On the crypto front, the company recently received a letter from the Senate Banking Committee expressing concerns about the company’s crypto platform.
SoFi received its banking charter this year, following its acquisition of Golden Pacific Bancorp. There was a conflict regarding SoFi’s Digital Assets business unit. This is a cryptocurrency brokerage, which is not permitted for companies holding banking charters. Regulators gave the company two years to divest the crypto division.
The Senate’s letter focused on an expansion of the crypto platform.
It’s not necessarily the case that SoFi won’t get into compliance in the near future, nor is it clear that the crypto platform will have an adverse effect on revenue or earnings. But it’s a regulatory issue that’s hanging out there.
Time For A Rally?
Eventually, with any stock there comes a moment of capitulation that indicates a bottoming of price action.
SoFi shares advanced 5.92% Wednesday, closing at $4.83. The stock sank to a session low of $4.41 on Monday. Being only two days out from its low, it’s tough to get too excited about one day’s strong price action, particularly as SoFi was likely swept up in news pertaining to the Federal Reserve’s possible slowdown of interest-rate increases.

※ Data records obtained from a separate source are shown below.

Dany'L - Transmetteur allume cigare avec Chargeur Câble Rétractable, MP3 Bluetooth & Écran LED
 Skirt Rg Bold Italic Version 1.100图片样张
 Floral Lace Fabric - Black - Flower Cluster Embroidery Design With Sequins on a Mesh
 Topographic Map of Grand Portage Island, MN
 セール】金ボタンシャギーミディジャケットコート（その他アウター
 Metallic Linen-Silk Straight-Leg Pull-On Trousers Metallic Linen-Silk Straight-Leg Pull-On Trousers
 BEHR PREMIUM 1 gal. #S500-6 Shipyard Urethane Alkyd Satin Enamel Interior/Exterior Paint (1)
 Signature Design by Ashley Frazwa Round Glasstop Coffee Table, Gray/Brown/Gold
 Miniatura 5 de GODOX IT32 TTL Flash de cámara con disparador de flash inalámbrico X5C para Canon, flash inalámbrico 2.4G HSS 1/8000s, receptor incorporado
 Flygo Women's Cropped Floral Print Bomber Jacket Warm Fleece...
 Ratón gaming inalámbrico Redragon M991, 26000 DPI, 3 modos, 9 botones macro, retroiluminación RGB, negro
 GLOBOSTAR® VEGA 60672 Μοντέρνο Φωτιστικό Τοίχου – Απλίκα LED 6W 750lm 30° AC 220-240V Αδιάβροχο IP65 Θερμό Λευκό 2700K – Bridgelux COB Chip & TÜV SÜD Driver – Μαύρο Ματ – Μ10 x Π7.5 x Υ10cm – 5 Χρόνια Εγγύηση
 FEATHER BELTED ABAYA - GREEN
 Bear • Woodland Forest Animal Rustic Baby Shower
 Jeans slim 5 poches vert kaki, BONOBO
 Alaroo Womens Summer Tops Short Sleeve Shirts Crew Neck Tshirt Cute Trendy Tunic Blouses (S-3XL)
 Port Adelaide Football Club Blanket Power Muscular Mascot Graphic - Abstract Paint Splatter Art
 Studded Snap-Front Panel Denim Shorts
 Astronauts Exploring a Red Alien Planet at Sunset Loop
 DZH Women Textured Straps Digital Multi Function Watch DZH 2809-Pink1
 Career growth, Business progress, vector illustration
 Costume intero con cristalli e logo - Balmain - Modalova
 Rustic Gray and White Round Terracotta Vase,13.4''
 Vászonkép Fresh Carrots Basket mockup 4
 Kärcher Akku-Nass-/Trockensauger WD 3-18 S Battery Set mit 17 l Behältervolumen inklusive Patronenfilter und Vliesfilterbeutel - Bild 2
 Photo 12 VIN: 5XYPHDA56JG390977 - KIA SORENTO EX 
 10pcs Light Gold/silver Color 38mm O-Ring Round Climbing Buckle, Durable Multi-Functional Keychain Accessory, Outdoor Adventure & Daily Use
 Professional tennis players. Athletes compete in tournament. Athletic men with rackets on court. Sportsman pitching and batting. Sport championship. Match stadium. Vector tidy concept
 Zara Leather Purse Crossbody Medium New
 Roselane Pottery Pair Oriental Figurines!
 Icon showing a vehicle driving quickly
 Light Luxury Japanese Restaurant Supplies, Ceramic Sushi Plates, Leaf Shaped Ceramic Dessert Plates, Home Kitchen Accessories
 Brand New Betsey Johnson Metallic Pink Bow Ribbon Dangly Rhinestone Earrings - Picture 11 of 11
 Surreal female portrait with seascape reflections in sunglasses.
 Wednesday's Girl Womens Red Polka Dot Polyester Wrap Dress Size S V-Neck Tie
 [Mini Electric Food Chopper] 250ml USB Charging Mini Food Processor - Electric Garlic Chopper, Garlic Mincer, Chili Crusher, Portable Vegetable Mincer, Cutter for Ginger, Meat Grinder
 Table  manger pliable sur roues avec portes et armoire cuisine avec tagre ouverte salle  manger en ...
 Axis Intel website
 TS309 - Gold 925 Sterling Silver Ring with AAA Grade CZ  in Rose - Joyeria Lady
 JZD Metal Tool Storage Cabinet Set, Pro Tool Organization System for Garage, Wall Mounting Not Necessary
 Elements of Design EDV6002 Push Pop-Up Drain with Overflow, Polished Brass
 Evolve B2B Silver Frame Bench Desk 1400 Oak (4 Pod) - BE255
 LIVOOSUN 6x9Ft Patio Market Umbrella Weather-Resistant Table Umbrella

On the plus side, the “moderate-buy” rating may bode well, and signals institutional confidence in the stock going forward. The expected narrowing of losses is also encouraging.
On the negative side, selling has been accompanied by higher trading volume. In addition, other than on Wednesday, there’s been little enthusiasm to stop the bleeding. While it may seem enticing to start buying shares when a stock is trading well off its previous highs, that can often be a recipe for disaster.